So nation building, whether we like it or not, is an essential part of the international community's effort to help Afghanistan stand on its feet. And I trust all the member states of the United Nations will have voted for them given that the mandate to do this will support it for the long haul.

JOHN W. VESSEY: Yes, sir?

QUESTION: Thank you. My name is Alec Boraine of the International Center for Transitional Justice. I'd like to thank you, sir, for your wise and strong words tonight. You aptly mentioned or described September the 11th as a failure in prevention. I'd like to hear your comments, if you wish to make them, on the conflict in the Middle East and how one, in your judgment, would prevent further conflict in that very tragic situation.

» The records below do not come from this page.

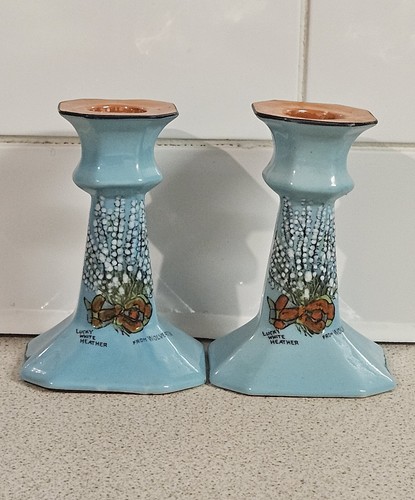 Pair carltonware - a, of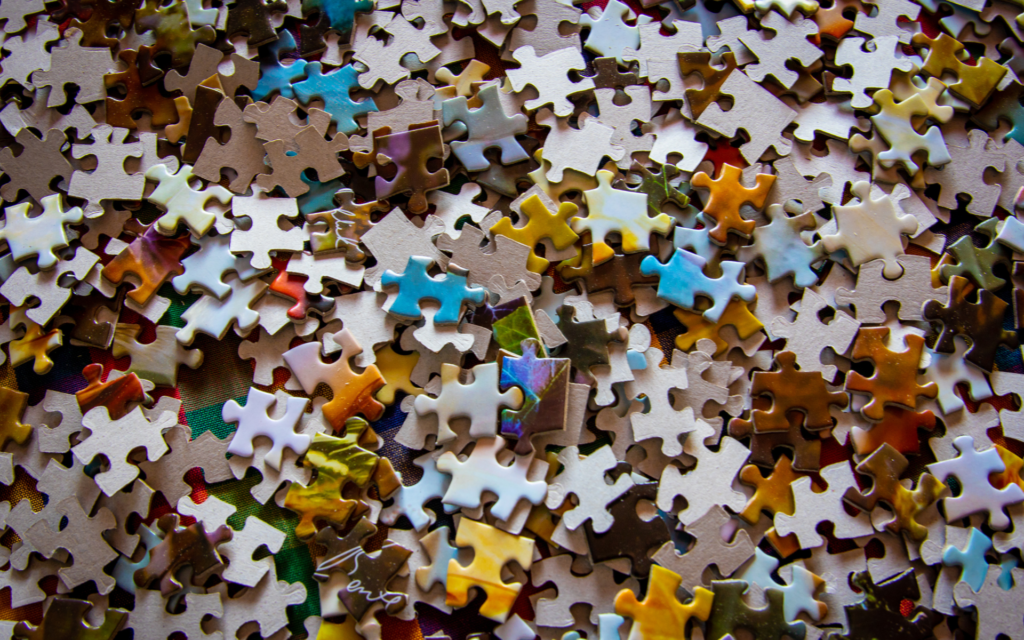 パズルのピース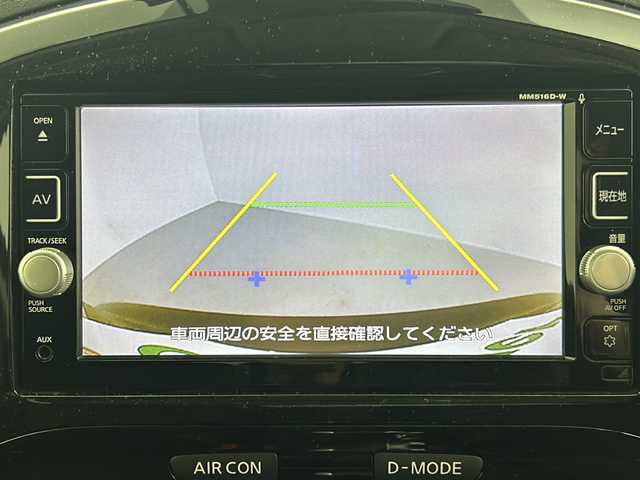 日産 ジューク 15RX Vセレクション 三重県 2016(平28)年 0.8万km スーパーブラック 禁煙車/純正ナビ/・フルセグ/Bluetooth/Bluray/CD/DVD/AUX/エマージェンシーブレーキ/バックカメラ/ドライブレコーダー/プッシュスタート/スマートキー/オートライト/純正17インチAW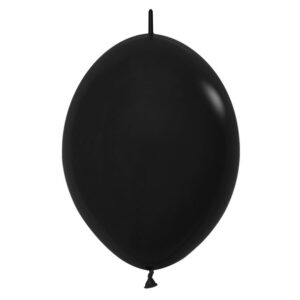 Balon Link 13 cali Gemar kolor: Balck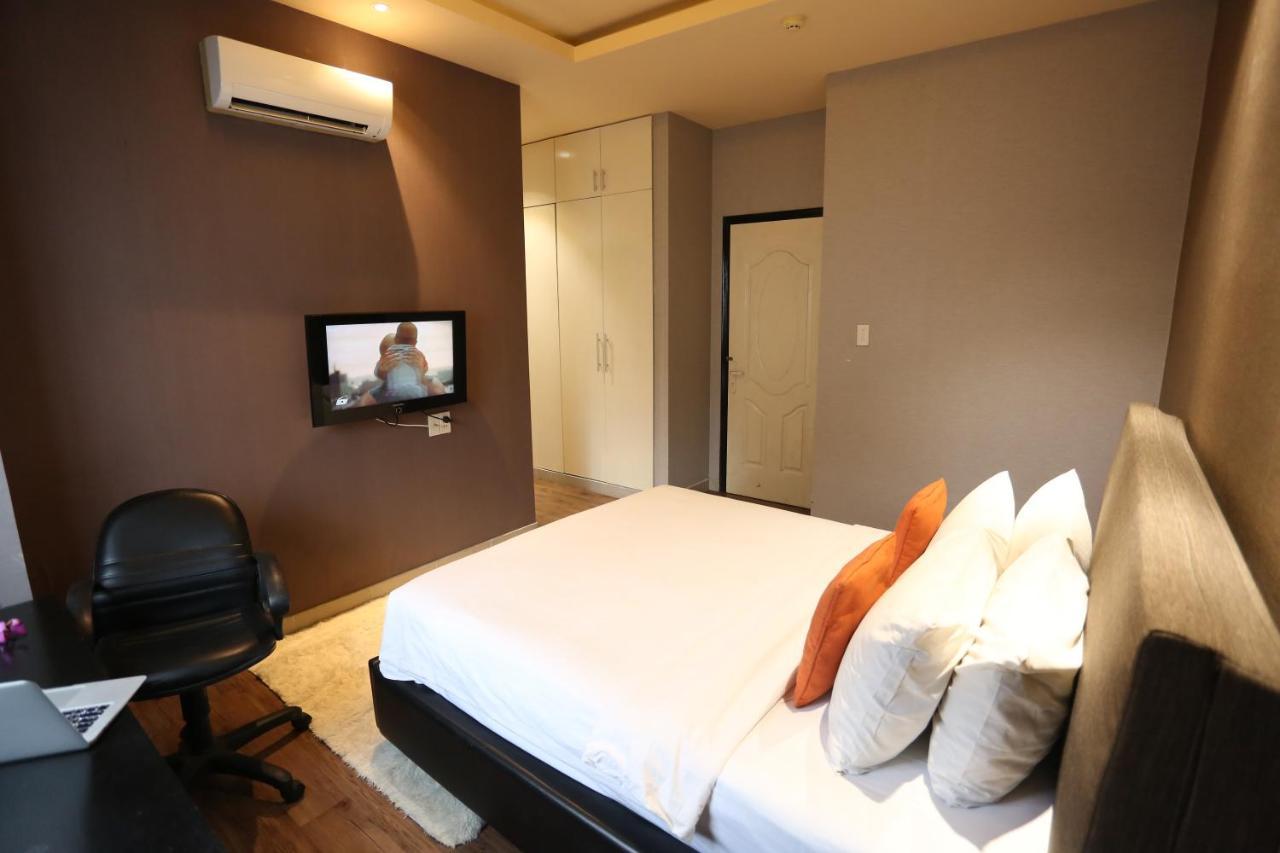 Diamond Suite Hai Ba Trung Ho Si Minh-város Kültér fotó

Thank you.

SEC.-GEN. KOFI ANNAN: I think you used the appropriate word when you said "tragic." It is indeed tragic when we look at the loss of life in the sense of civilians, women and children. We have been searching for a solution. We have tried Tenet. We have tried Mitchell. The parties accepted both—the Mitchell recommendations and the Tenet understandings, but they have not been able to implement either. I think Mitchell report, the Mitchell recommendations, were originally seen as a bridge that would get us to the negotiating table after the violence exploded. But the way we've approached implementation has become so conditioned that it's almost a roadblock. So while there are very good ideas in it, for us to sort of, we keep saying we have Mitchell and Tenet, and not look for other creative ways of breaking this issue, I think is a problem. And there is a search for fresh ideas, fresh approaches, and in that context, it is very interesting that an initiative came from Saudi Arabia. Not only the timing was important but the fact that it came from Saudi Arabia and has been supported fairly by a wide number of Arab states. The European Union is trying hard. The U.S. has sent in Zinni and in discussions with them I think they are getting ready perhaps to do more.

But I think we need to challenge the leaders. The two leaders have a responsibility to their people. The two leaders have to ask themselves: "Where does this lead? What does this do for our people and for our nation?" And lead. The people want leadership. And if they do, then quite frankly, the international community is prepared to help, and I'm working what they call (inaudible), what we call the court of the U.S., the European Union and the Russians, trying to work together and pool our efforts to eventually be able to influence the situation. But the inspiration for peace and settlement must come from the leaders. And they must lead, and the people are looking to them. And if they fail, I think history will judge them harshly. And their people will not absolve them.

JOHN W. VESSEY: Mr. Secretary-General, you know that this is being webcast worldwide, and we have a question from a CNN viewer in Amsterdam. Mr. van der Steen from Amsterdam. His question is: The sanctions against Iraq are now taking more than 10 years. In your views, are they a failure? (Laughter).

SEC.-GEN. KOFI ANNAN: Let me start by saying that the UN program in Iraq is basically a disarmament program. The Security Council required Iraq to disarm and sent in inspectors who have not been back since 1998. The Council also indicated that the punishment for not disarming is sanctions. And that the moment the disarmament is complete and that the inspectors have confirmed that the disarmament has been completed,the sanctions will be lifted.

Quite honestly, I don't think when this regime came into force anybody expected that 11 years on we will still be at it. We have pleaded, and other friends of Iraq, the friends of Iraq have pleaded with them to cooperate with the UN to disarm, to allow in the inspectors, for the inspectors to be able to confirm to the Council that indeed they have disarmed and they will see light at the end of the tunnel.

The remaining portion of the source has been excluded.